Saddle Creek | Jake Bellows | Reviews


Dive into Jake Bellows’ New Ocean

Author: Paul Gleason
08/06/2013 | Caught in the Carousel | | Album Review
Accompanied only by sparse guitar strumming, Jake Bellows &emdash; the Neva Dinova frontman &emdash; opens his first solo album New Ocean with the title track, the lyrics of which contain the mythical resonance of baptismal imagery. Bellows expresses his longing to be submerged, reborn in water &emdash; sort of like the residents of Dylan’s “Desolation Row” and the protagonist of Eliot’s The Waste Land.

But, unlike the characters in the Dylan and Eliot masterpieces, Bellows actually experiences salvation in New Ocean. This eclectic and energetic collection of tunes makes you feel that Bellows has triumphantly emerged from a dark place and &emdash; best of all &emdash; that he’s in love with rock and roll and wants you to be too. He sounds as excited as a toddler on Christmas morning, the kind of kid who just can’t wait to show you all the cool new toys he’s just unwrapped under the tree.

“All Right Now” is a catchy, country-tinged rocker, with a terrific vocal melody and some kick-ass lead guitar that would make Neil Young himself jealous. And more astounding guitar soloing closes out “Should You Ever Change Your Mind.”
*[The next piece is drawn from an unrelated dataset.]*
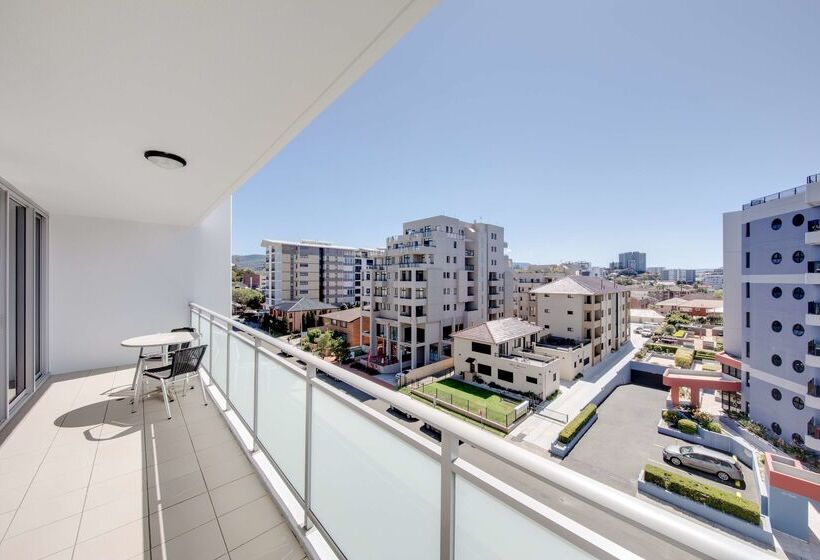 Adina Apartment Hotel Wollongong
Joy is the name of the game here, as it is on the other upbeat numbers, which Bellows pulls off in a similar vein. “Running from Your Love” has a terrific tune that recalls Dinosaur Jr., but the guitar arpeggios are nifty, infectious, and totally Bellows’ own. And album-closer “Frequency” chugs along with a snaky vocal line in the verses and neat, new wave instrumental breaks.
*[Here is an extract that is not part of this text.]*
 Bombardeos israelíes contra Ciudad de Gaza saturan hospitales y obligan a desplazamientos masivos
But Bellows is the kind of artist who isn’t satisfied in operating in one mode. Remember that the name of the game here is “eclectic.” “Spontaneous” could be another one.

“You and Me,” “Drinking with Dad,” and “Help” take us back to 1950s’ balladry. On the former, think Roy Orbison &emdash; not only guitar-wise but also, amazingly, vocal-wise. And how about a little cool doo-wop? Well, Bellows delivers on “Drinking with Dad,” complete with an unexpected and thrilling guitar solo and some great piano runs. And “Help” just delivers. If David Lynch ever decides to make a movie again like Blue Velvet, he should call up Bellows.

Bellows also has the ability to sound ominous and imposing. Just listen to the vocal melody and the guitar riffing on “Two Weeks.” The 50s’ retro vibe is still there, but this is a more disconcerting song that the tunes I mentioned in graph five &emdash; perhaps due to the fact that the guitar parts are more intertwined and less naked. Layering is key here. Come to think of it, maybe Lynch would appreciate this one more.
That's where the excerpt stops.